Some pros use a breath controller, some don't. It's all about finding your own workflow. I use this one and I am very happy with it:

http://www.tecontrol.se/products/usb-midi-breath-controller

It leaves both hands free when playing. You may or may not prefer sliders though, in which case the nanokontrol2 is cheap, small, and functional. I have one but don't use it anymore since I have the TEC.


----------



## Daniel F. (Nov 27, 2016)

muk said:


> Some pros use a breath controller, some don't. It's all about finding your own workflow. I use this one and I am very happy with it:
> 
> http://www.tecontrol.se/products/usb-midi-breath-controller
> 
> It leaves both hands free when playing. You may or may not prefer sliders though, in which case the nanokontrol2 is cheap, small, and functional. I have one but don't use it anymore since I have the TEC.



That's the one I would recommend also. It's cheapest I know and very good from what people say here.


----------



## Viegaard (Nov 27, 2016)

muk said:


> Some pros use a breath controller, some don't. It's all about finding your own workflow. I use this one and I am very happy with it:
> 
> http://www.tecontrol.se/products/usb-midi-breath-controller
> 
> It leaves both hands free when playing. You may or may not prefer sliders though, in which case the nanokontrol2 is cheap, small, and functional. I have one but don't use it anymore since I have the TEC.



Looks fine.

Do you play the actual instrument with your breath and use the modwheel for dynamics? Or do you play with your hands and use the breathe for vibrato etc?

Doesn't it get very nasty after a while? (spit and all?)


----------



## muk (Nov 27, 2016)

A digital piano for the notes and the TEC to control CC1 (volume and timbre crossfade) is the way I use it. You can assign any cc number you want to the TEC, so you could as well control vibrato if you wanted to. The mouthpiece I have is a little t-shaped piece made from hard plastic (apparently they have changed the mouthpiece, as the one I have isn't the one pictured on their site now). It is very easy to remove and rinse with water.


----------



## Viegaard (Nov 27, 2016)

muk said:


> A digital piano for the notes and the TEC to control CC1 (volume and timbre crossfade) is the way I use it. You can assign any cc number you want to the TEC, so you could as well control vibrato if you wanted to. The mouthpiece I have is a little t-shaped piece made from hard plastic (apparently they have changed the mouthpiece, as the one I have isn't the one pictured on their site now). It is very easy to remove and rinse with water.



Have you heard any feed back from their version with bite function?

I assume the breathe is the same, but with added bite function. I might buy that if its good.


----------



## muk (Nov 27, 2016)

No experience with the breath and bite controller, I'm afraid. Maybe someone else can chime in.


----------



## Ron Kords (Nov 27, 2016)

The tecontrol is great.

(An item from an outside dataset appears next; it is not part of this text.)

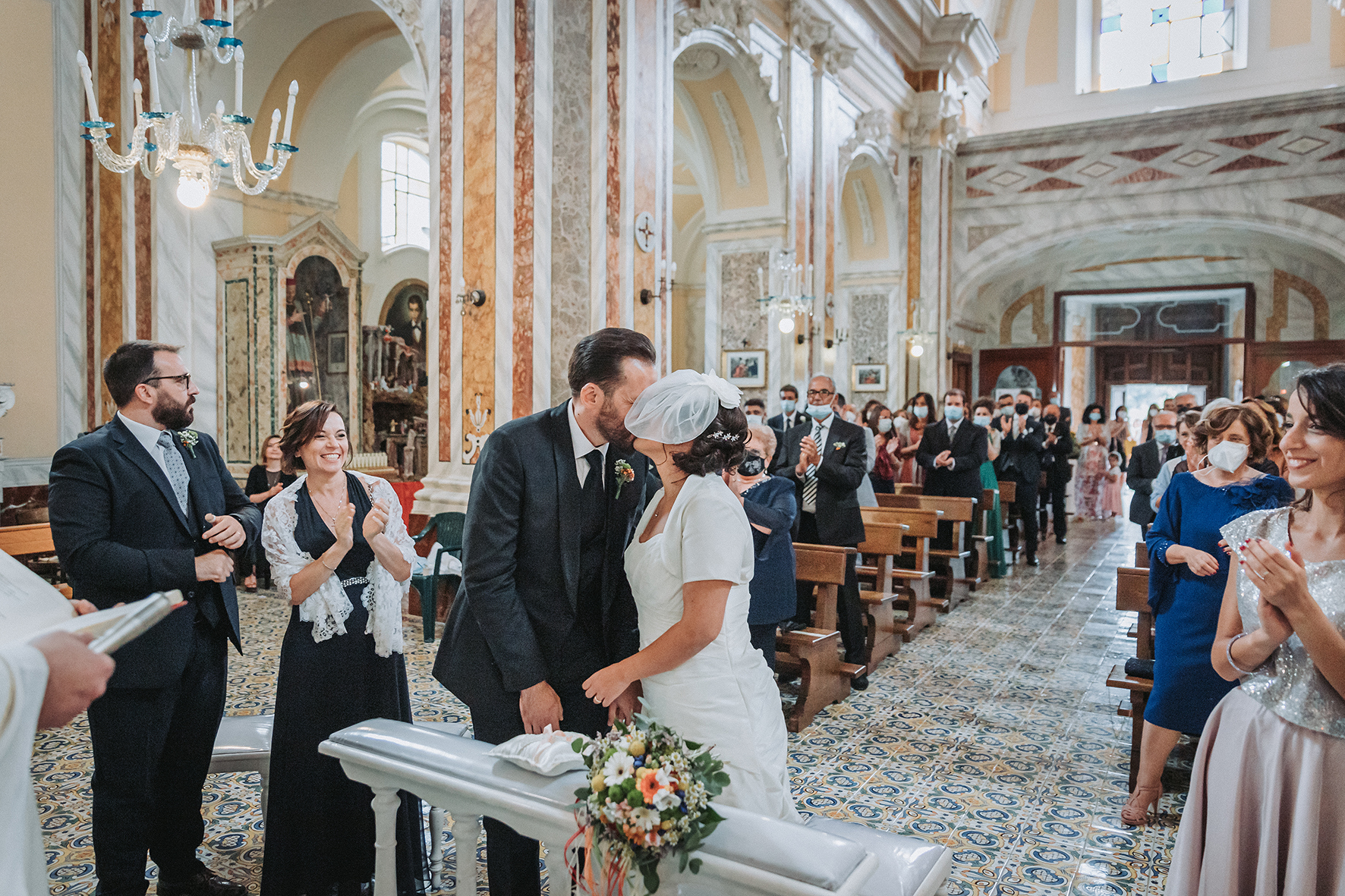bacio degli sposi in chiesa reportage di matrimonio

I use breath for dynamics and bite for vib (it's more like squeezing harder for more vib rather than repeated biting)

You can also tilt in 4 directions to control other parameters (pitch bend?) but that gets a bit hectic tbh.

It takes a while to get a happy set up but worth it in the end. I generally use sliders to audition / sketch and then record final parts with the breath controller as having the thing in you mouth the whole time is a bit annoying.

With all that said I've played an EWI for years so only got the tecontrol as its more natural to me than sliders. The control with two hands playing is nice but those parts rarely end up as anything more than placeholders as recording in lines separately (even with same dynamics shape) gives a better result.

If you're handy with multiple sliders, you may not feel much benefit...

Sorry - probably not made your choice much easier... 

Don't forget controller pedals are an option...


----------



## minimidi (Nov 28, 2016)

Ron Kords said:


> You can also tilt in 4 directions to control other parameters (pitch bend?) but that gets a bit hectic tbh.
> 
> Don't forget controller pedals are an option...



More controllers than this?


----------



## Ron Kords (Nov 28, 2016)

minimidi said:


> More controllers than this?



Hehe 

Fells like that sometimes


----------



## rdieters (Nov 30, 2016)

Ron Kords said:


> Hehe
> 
> Fells like that sometimes


This is even better!


----------



## Morodiene (Nov 30, 2016)

I want one of these.


----------



## Saxer (Nov 30, 2016)

I tried all the TEControls and am stuck with the cheapest one. I don't use the extra mouthpiece that let's air flow. I use the little plastic end of the pipe and the controller converts the pressure to midi data. It feels like blowing into a pencil. No air gets through. So I rarely get out of air. It's a modwheel replacement for me. I use the modwheel only for loooong string notes (four bars and longer).


----------